__MATERIAL TO PROCESS__
++++++++++

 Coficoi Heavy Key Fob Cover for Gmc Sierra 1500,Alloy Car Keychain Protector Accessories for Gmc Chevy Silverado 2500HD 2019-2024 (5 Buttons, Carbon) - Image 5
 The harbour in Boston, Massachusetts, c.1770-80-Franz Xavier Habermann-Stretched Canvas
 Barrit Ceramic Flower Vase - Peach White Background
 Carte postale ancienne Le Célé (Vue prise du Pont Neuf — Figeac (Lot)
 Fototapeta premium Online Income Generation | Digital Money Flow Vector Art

++++++++++

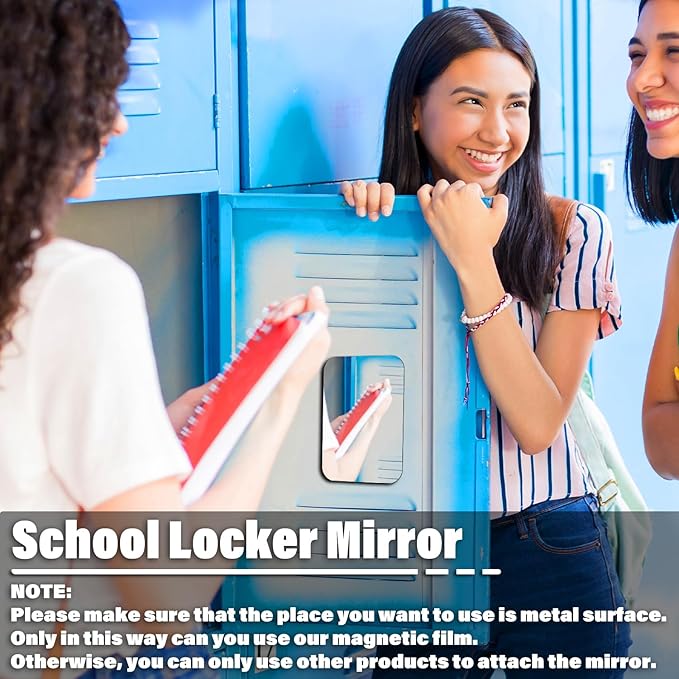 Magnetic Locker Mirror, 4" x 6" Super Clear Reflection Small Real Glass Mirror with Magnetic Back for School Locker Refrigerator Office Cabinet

++++++++++

Give again, word for word, every line of the listing above from the one with "The harbour in" to the one with "Fototapeta premium Online", both inclusive, and nothing beyond them.

 The harbour in Boston, Massachusetts, c.1770-80-Franz Xavier Habermann-Stretched Canvas
 Barrit Ceramic Flower Vase - Peach White Background
 Carte postale ancienne Le Célé (Vue prise du Pont Neuf — Figeac (Lot)
 Fototapeta premium Online Income Generation | Digital Money Flow Vector Art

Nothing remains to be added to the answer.